# WHAT YOU HAVE TO DO:
What are the lines from the top of the entries below through the line containing "Traditional Vintage Moroccan"? Return them exactly, both ends included, without the pictures.

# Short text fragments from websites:
+ + + + + + +
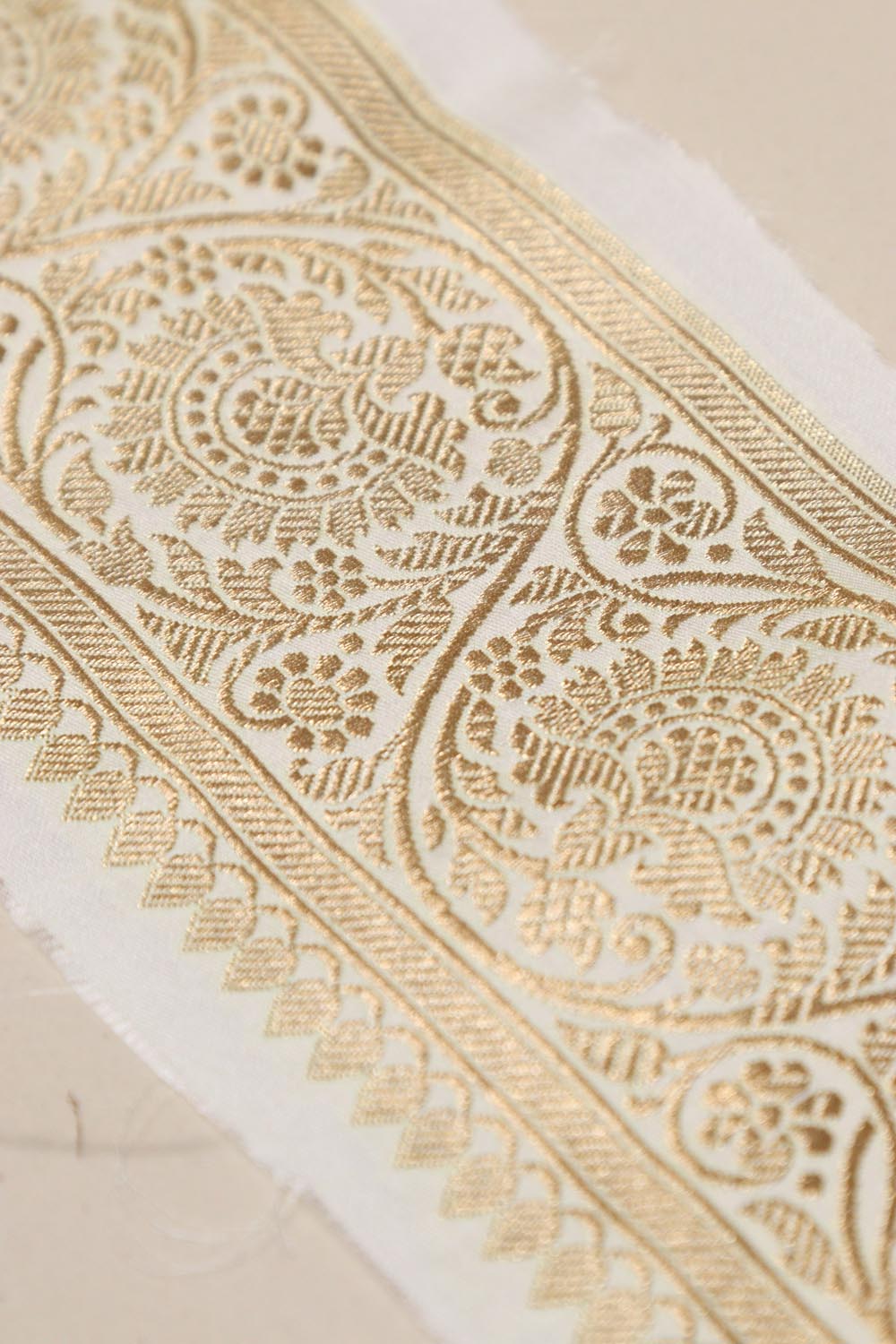 Off White Banarasi Handloom Vintage Pure Silk Border Lace - Luxurion World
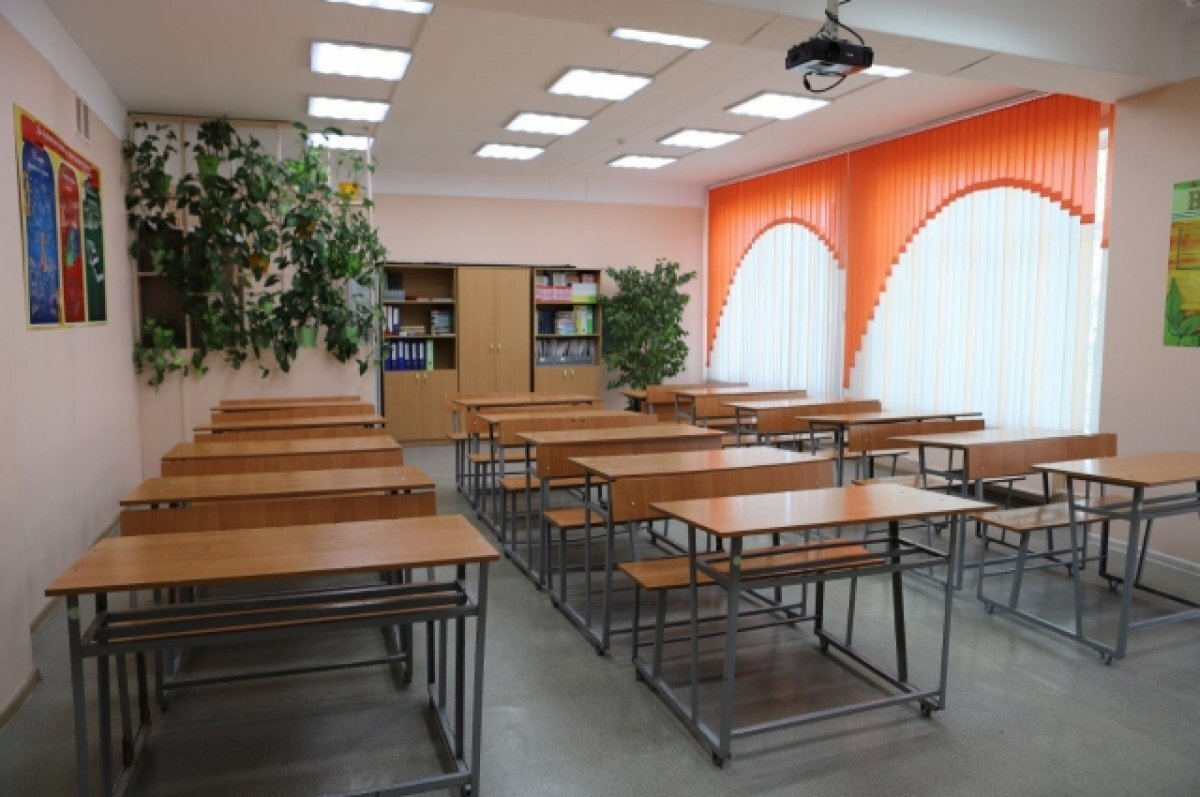    Проверку готовности школ к новому учебному году провели в Иркутске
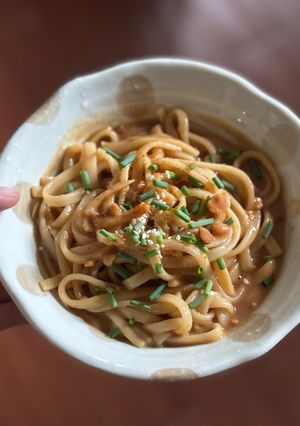 Hình của món Mì Udon Trộn Bơ Lạc.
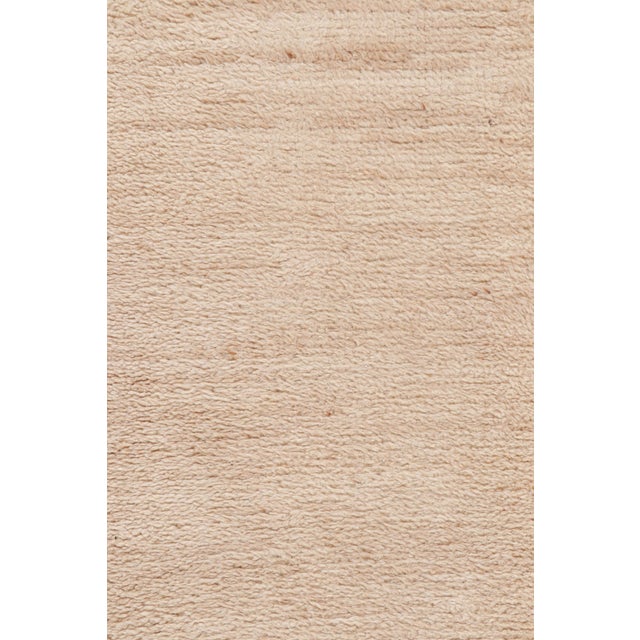 Traditional Vintage Moroccan Style Rug in Beige and Cream Tones - Rug & Kilim For Sale - Image 3 of 8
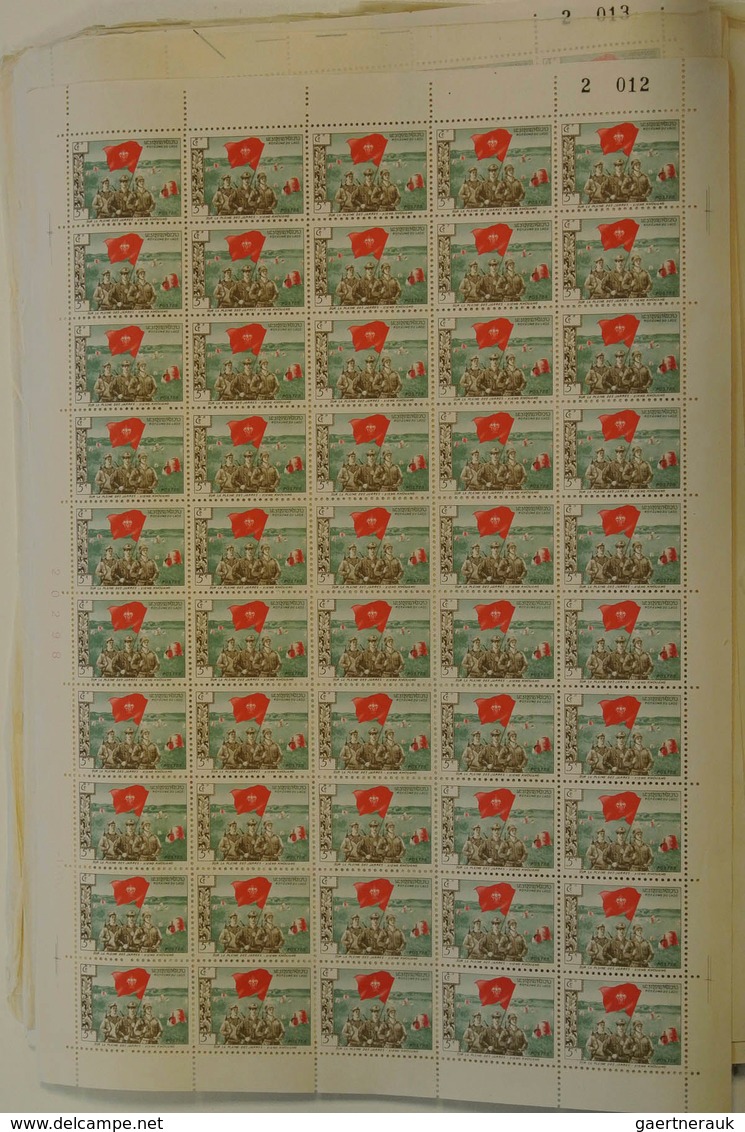 23404 Laos: 1961: Little box with complete sheets of revolutionary issues Pathet-Lao 1961. Michel no's 1,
+ + + + + + +
# RESPONSE:
 Off White Banarasi Handloom Vintage Pure Silk Border Lace - Luxurion World
    Проверку готовности школ к новому учебному году провели в Иркутске
 Hình của món Mì Udon Trộn Bơ Lạc.
 Traditional Vintage Moroccan Style Rug in Beige and Cream Tones - Rug & Kilim For Sale - Image 3 of 8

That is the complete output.